You can mimic vectors using dynamic memory allocation. Initially create an array of size 2, using int *a = new int[2];
When this array fills up, make a new array of double the size, copy the old array in the new one and reassign a to the new array. Keep doing this until you have met the requirement.
EDIT
So getting the numbers through the string stream, if the array fills up, you could do:
int changeArr(int *a, int size){
int *b = new int[size*2];
for(int i=0;i<size;i++){
b[i] = a[i];
}
a = b;
return size*2;
}
int getNos(istringstream ss){
int *a = new int[2];
int cap = 2, i=0, number;
while(ss){
if(i>=cap){
cap = changeArr(a, cap);
}
ss >> a[i];
i++;
}
}
I have skipped the part about the first character, but I guess you can handle that.
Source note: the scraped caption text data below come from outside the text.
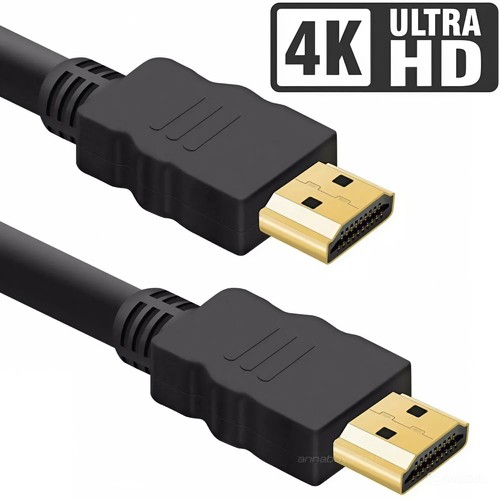 Ultra hdmi 0 cable - hd, 4k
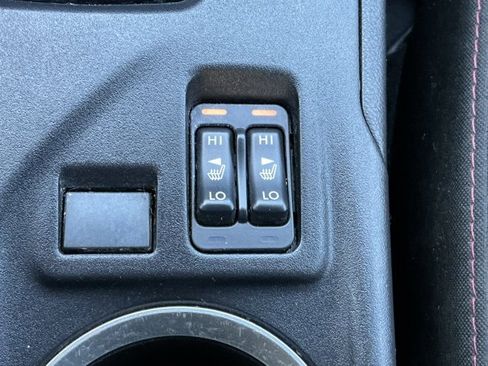 Used 2017 Subaru Impreza 2.0i Sport image 14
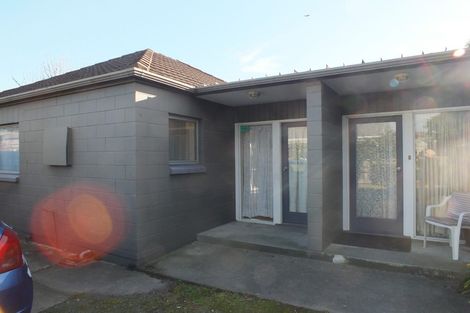 Photo of property in 27a Leitch Street, Somerfield, Christchurch, 8024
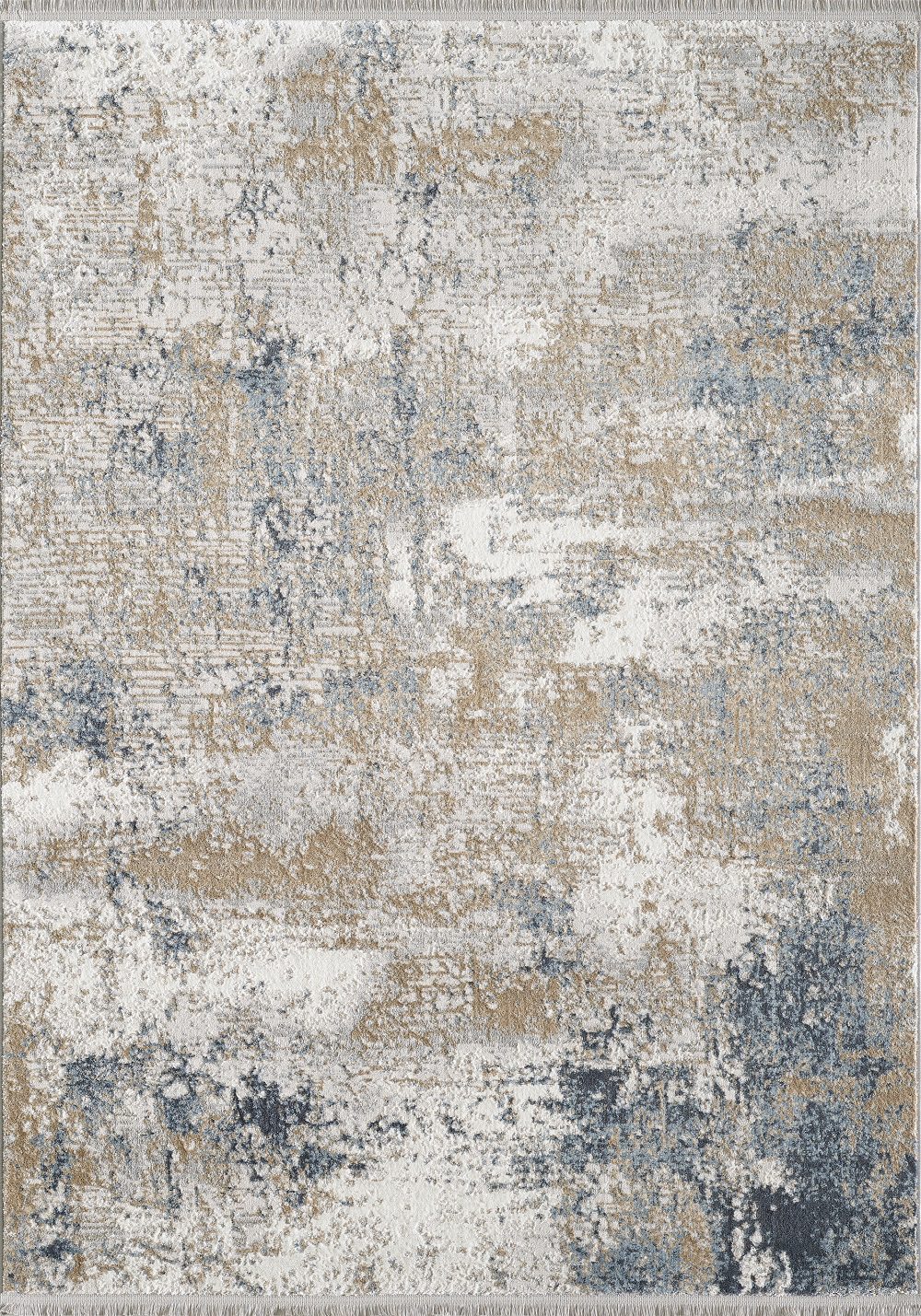 Ковер Stella 0042A Beige/brown - Размер: 080x150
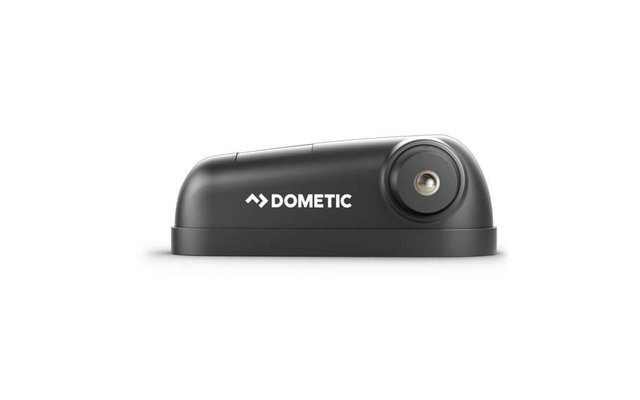 Dometic PerfectView CAM1000 blind spot camera with object detection for truck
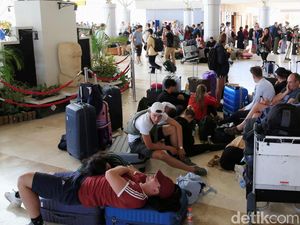 Australia Juga Imbau Warganya Hati-hati di Lombok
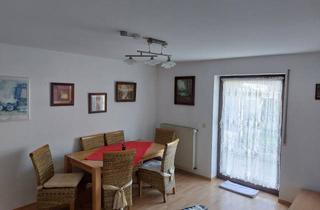 Wohnung mieten in Im Gärchen, 66706 Perl, Helle möblierte Souterrainwohnung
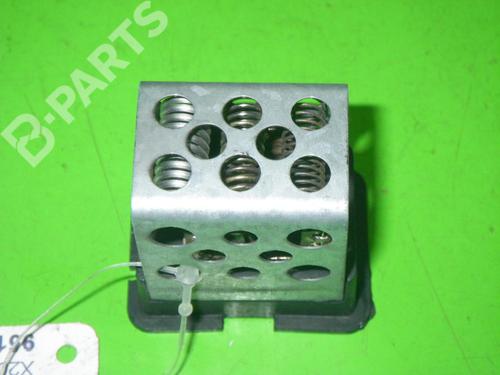 Used Electronic module OPEL ZAFIRA A MPV (T98) 2.0 DI 16V (F75) (82 hp) 6407451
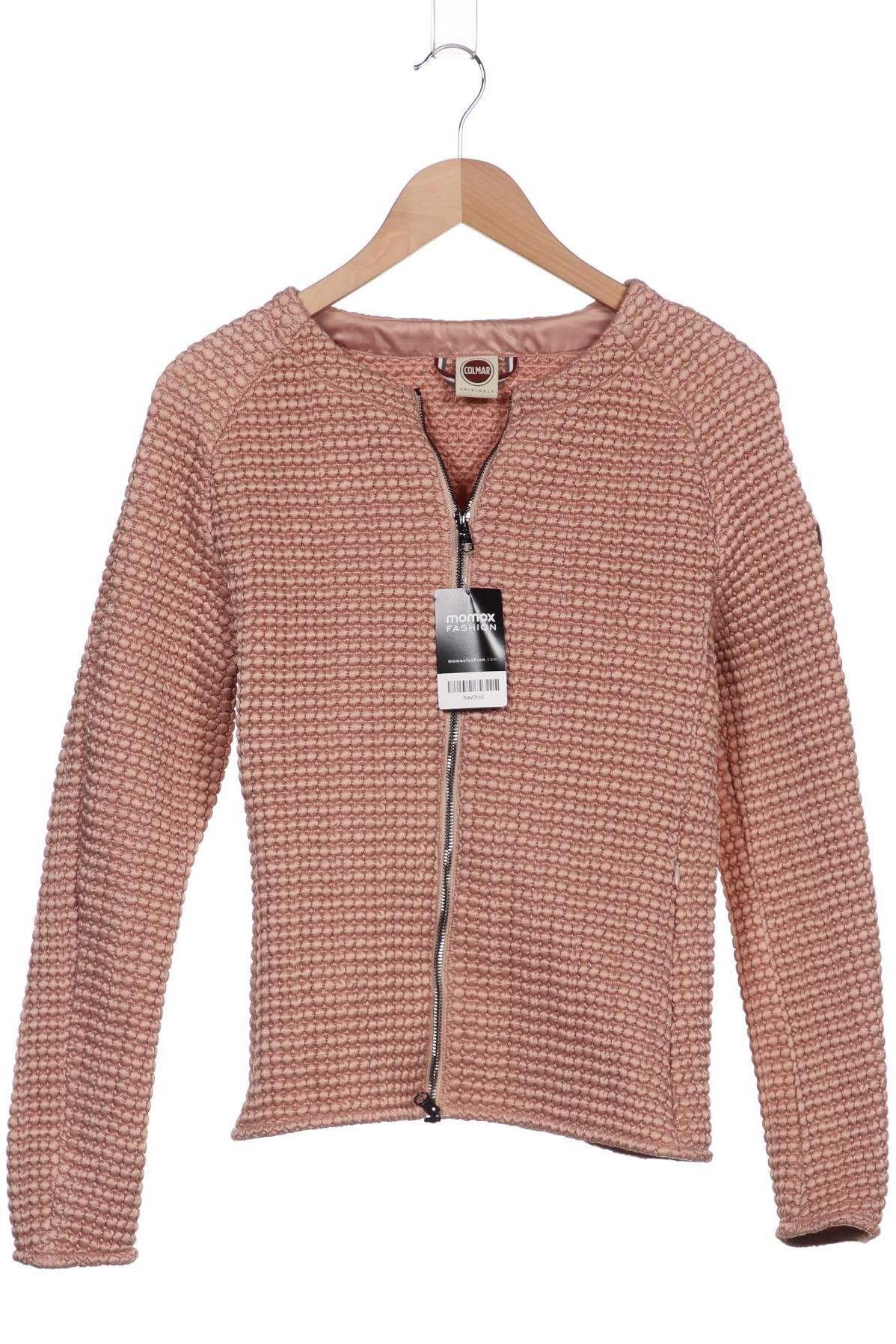 

COLMAR Damen Jacke, pink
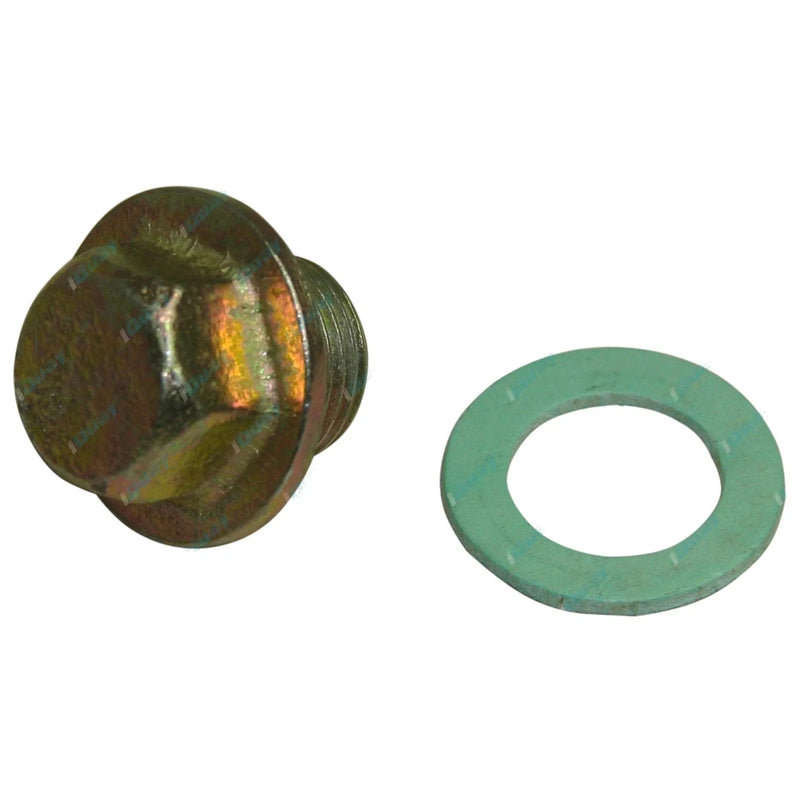 Toyota Cressida MX83R 6cy 7M-GE 3.0L 1988~1993 Engine Oil Pan Sump Plug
Without vectors, you have a couple of approaches. (1) read an entire line at a time and tokenize the line with strtok or strsep, or (2) use the standard features built into strtol to walk down the string separating values with the pointer and end-pointer parameters to the function.
Since you know the format, you can easily use either. Both 1 & 2 above do the same thing, you are just using the tools in strtol to both tokenize and convert to a number in a single step. Here is a short example for handling a string followed by an unknown number of digits on each line:
#include <stdio.h>
#include <stdlib.h>
#include <limits.h>
#include <errno.h>
enum { BASE = 10, MAXC = 512 };
long xstrtol (char *p, char **ep, int base);
int main (void) {
char buf[MAXC] = "";
while (fgets (buf, MAXC, stdin)) { /* for each line of input */
char *p, *ep; /* declare pointers */
p = buf; /* reset values */
errno = 0;
printf ("\n%s\n", p); /* print the original full buffer */
/* locate 1st digit in string */
for (; *p && (*p < '0' || '9' < *p); p++) {}
if (!*p) { /* validate digit found */
fprintf (stderr, "warning: no digits in '%s'\n", buf);
continue;
}
/* separate integer values */
while (errno == 0)
{ int idx = 0;
long val;
/* parse/convert each number in line into long value */
val = xstrtol (p, &ep, BASE);
if (val < INT_MIN || INT_MAX < val) { /* validate int value */
fprintf (stderr, "warning: value exceeds range of integer.\n");
continue;
}
printf (" int[%2d]: %d\n", idx++, (int) val); /* output int */
/* skip delimiters/move pointer to next digit */
while (*ep && *ep != '-' && (*ep < '0' || *ep > '9')) ep++;
if (*ep)
p = ep;
else
break;
}
}
return 0;
}
/** a simple strtol implementation with error checking.
* any failed conversion will cause program exit. Adjust
* response to failed conversion as required.
*/
long xstrtol (char *p, char **ep, int base)
{
errno = 0;
long val = strtol (p, ep, base);
/* Check for various possible errors */
if ((errno == ERANGE && (val == LONG_MIN || val == LONG_MAX)) ||
(errno != 0 && val == 0)) {
perror ("strtol");
exit (EXIT_FAILURE);
}
if (*ep == p) {
fprintf (stderr, "No digits were found\n");
exit (EXIT_FAILURE);
}
return val;
}
(the xstrtol function just moves the normal error checking to a function to unclutter the main body of the code)
Example Input
$ cat dat/varyint.txt
some string 1, 2, 3
another 4 5
one more string 6 7 8 9
finally 10
Example Use/Output
$ ./bin/strtolex <dat/varyint.txt
some string 1, 2, 3
int[ 0]: 1
int[ 1]: 2
int[ 2]: 3
another 4 5
int[ 0]: 4
int[ 1]: 5
one more string 6 7 8 9
int[ 0]: 6
int[ 1]: 7
int[ 2]: 8
int[ 3]: 9
finally 10
int[ 0]: 10
You can provide a bit of tidying up, but this method can be used to parse an unknown number of values reliably. Look it over and let me know if you have any questions.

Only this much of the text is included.